ACTIVITY:
Begin your copy at the line with "Detail of a" in the records below and end it at the line with "An aerial view", restating each line word for word; omit the pictures.

DATA SHOWN:
--------------------

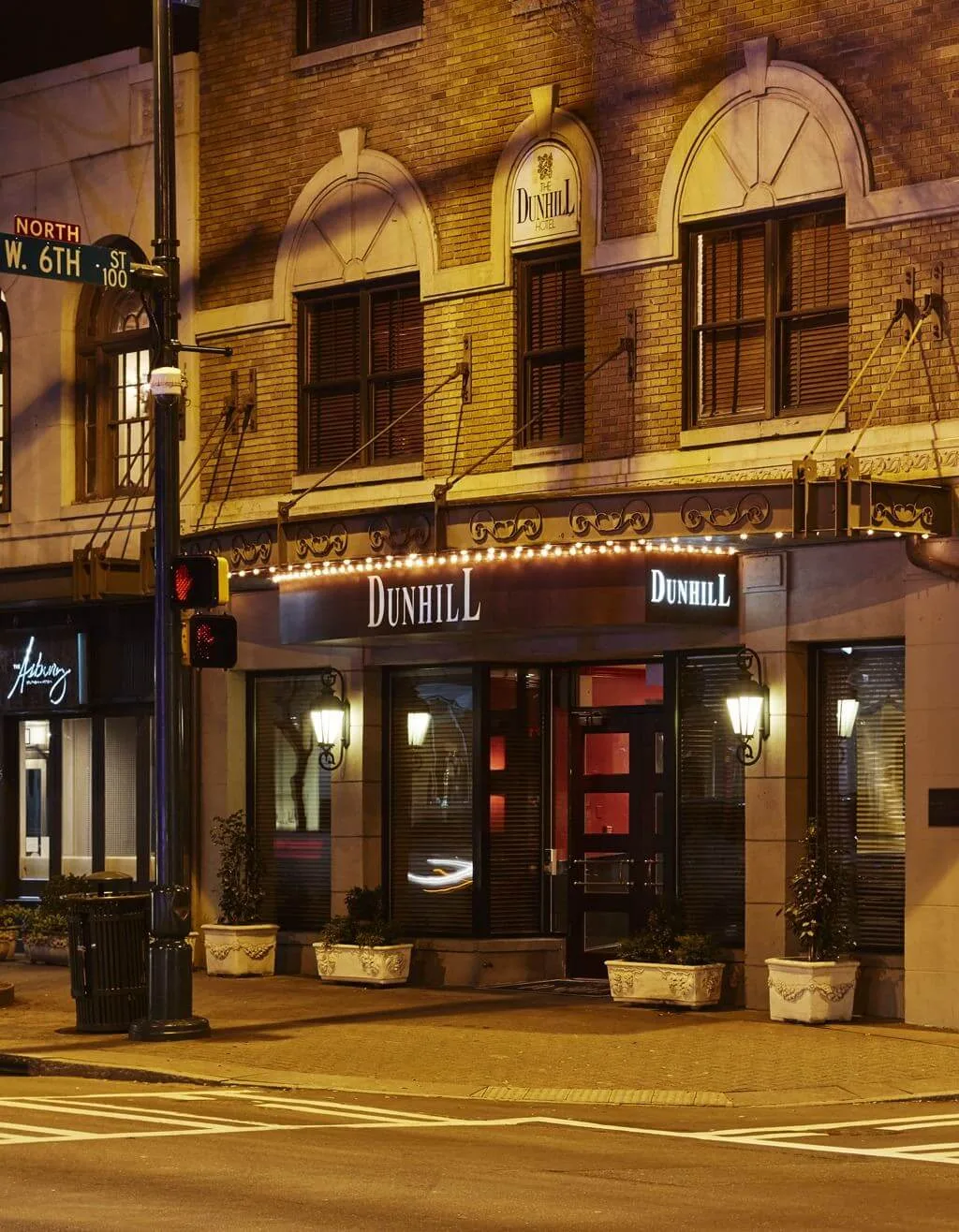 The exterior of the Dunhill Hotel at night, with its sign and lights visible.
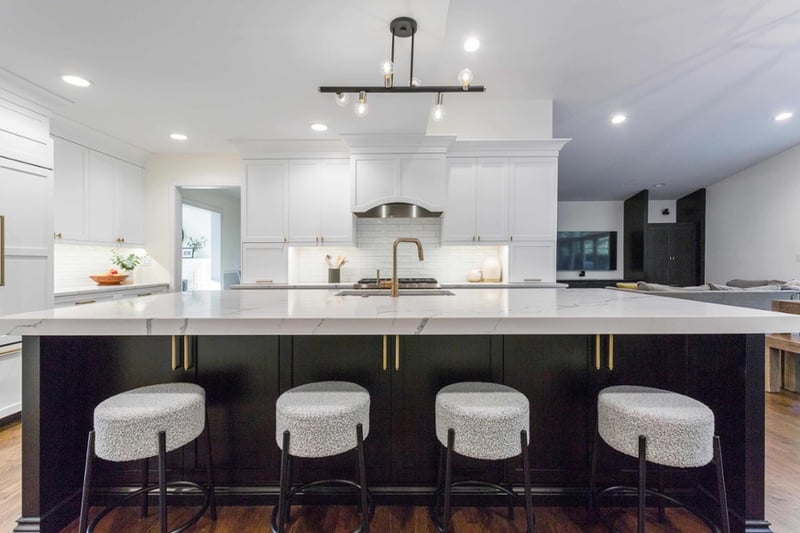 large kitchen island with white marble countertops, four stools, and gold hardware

--------------------

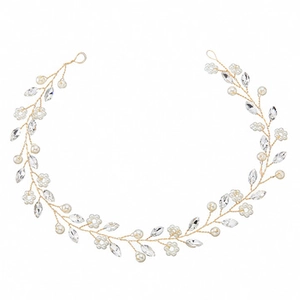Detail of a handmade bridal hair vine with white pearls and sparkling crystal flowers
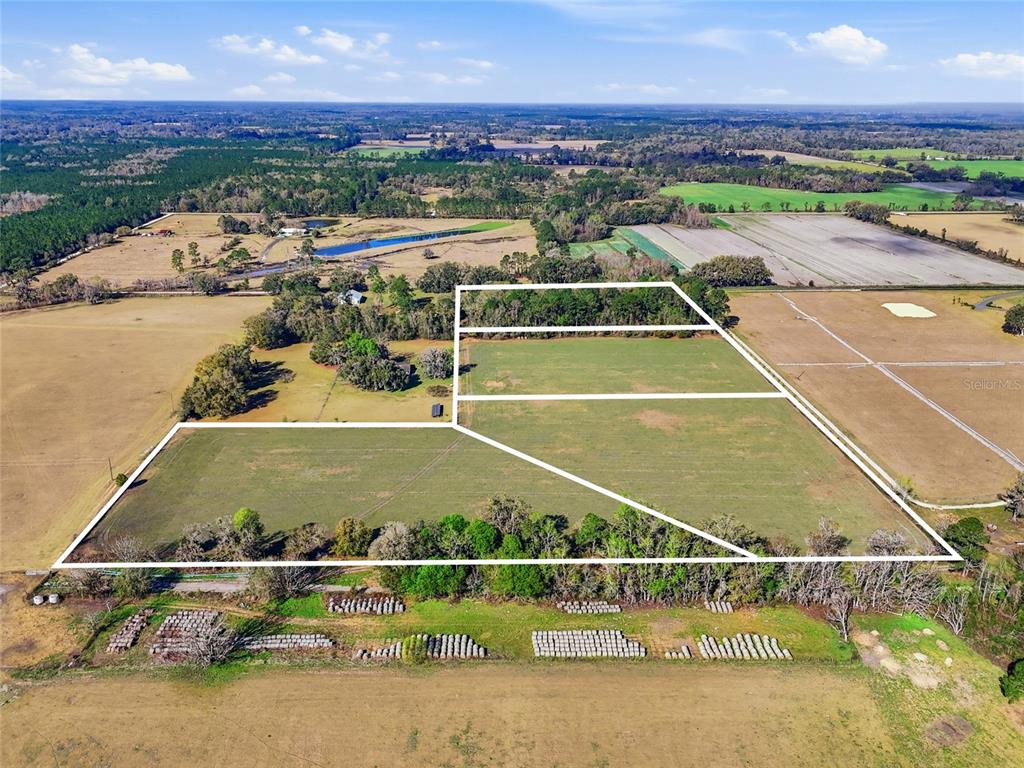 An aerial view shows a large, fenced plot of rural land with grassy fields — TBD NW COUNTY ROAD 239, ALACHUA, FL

--------------------

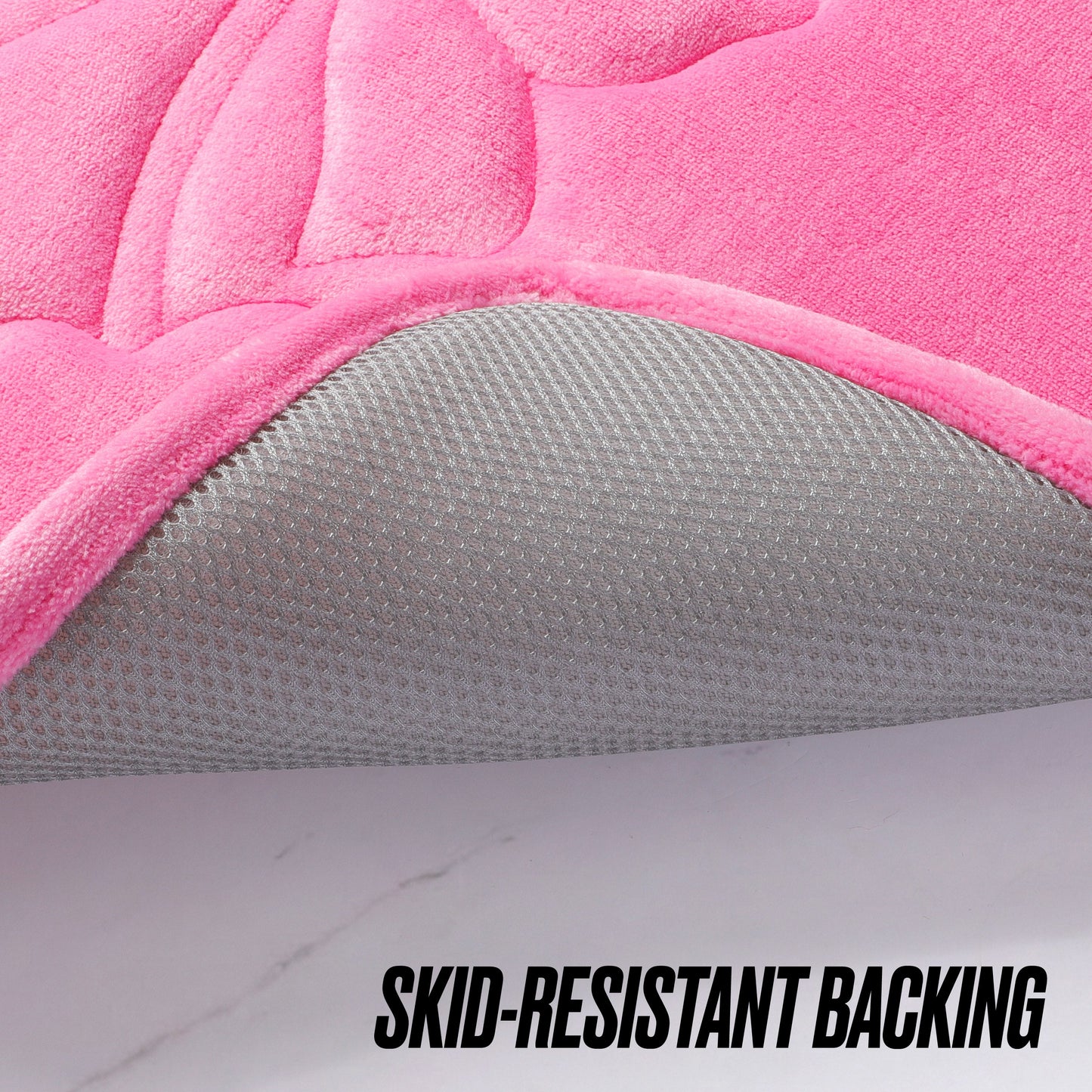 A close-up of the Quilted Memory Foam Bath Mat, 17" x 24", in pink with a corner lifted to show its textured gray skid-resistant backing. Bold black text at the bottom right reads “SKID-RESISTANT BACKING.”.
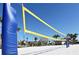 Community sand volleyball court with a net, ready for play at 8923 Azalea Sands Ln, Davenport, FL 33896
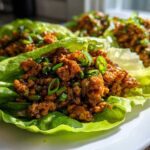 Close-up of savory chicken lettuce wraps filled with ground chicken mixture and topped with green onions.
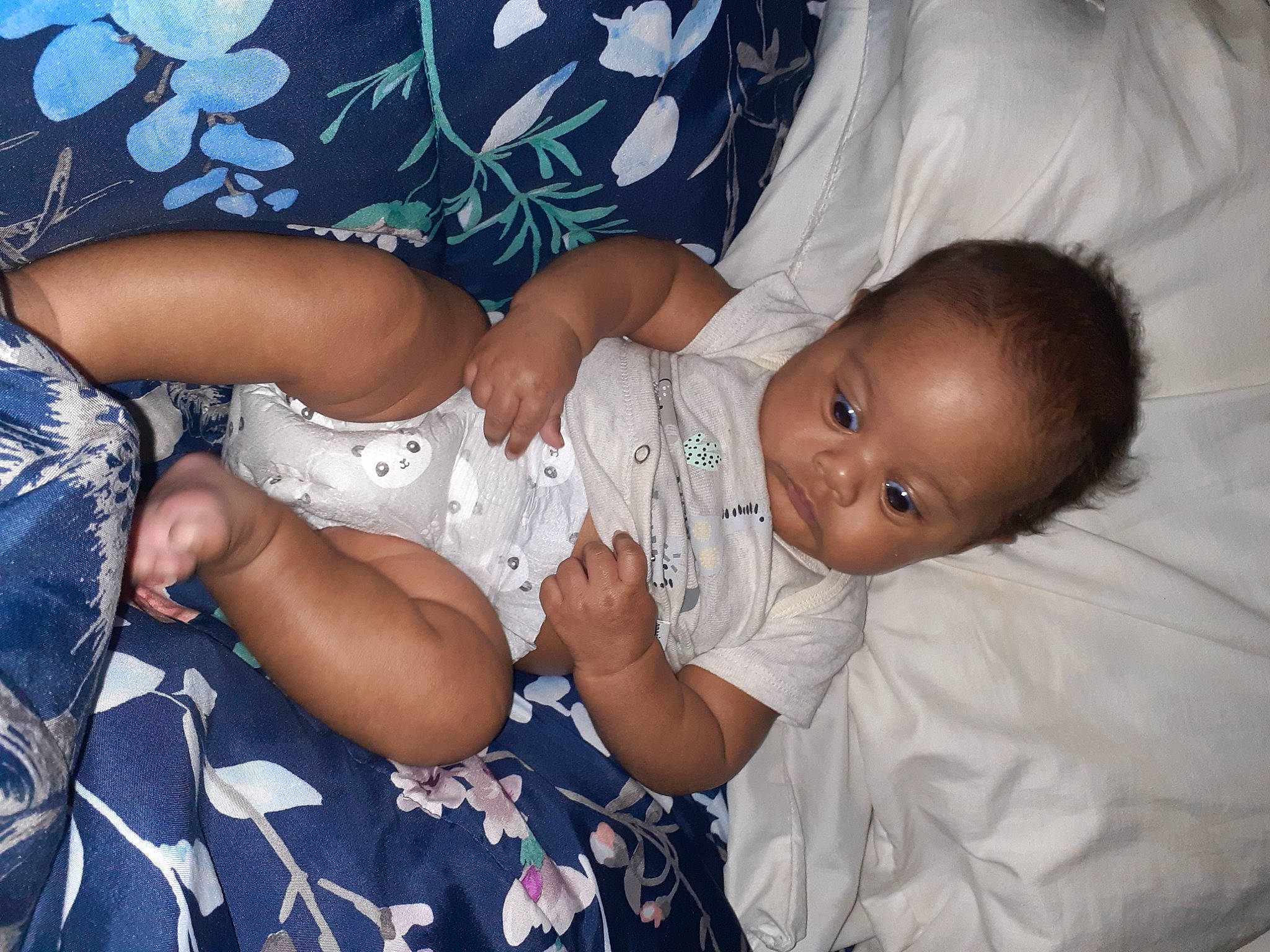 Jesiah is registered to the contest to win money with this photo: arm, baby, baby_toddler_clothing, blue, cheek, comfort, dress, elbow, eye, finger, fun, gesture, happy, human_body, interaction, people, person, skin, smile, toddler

--------------------

SOLUTION FOR THIS PROBLEM:
Detail of a handmade bridal hair vine with white pearls and sparkling crystal flowers
 An aerial view shows a large, fenced plot of rural land with grassy fields — TBD NW COUNTY ROAD 239, ALACHUA, FL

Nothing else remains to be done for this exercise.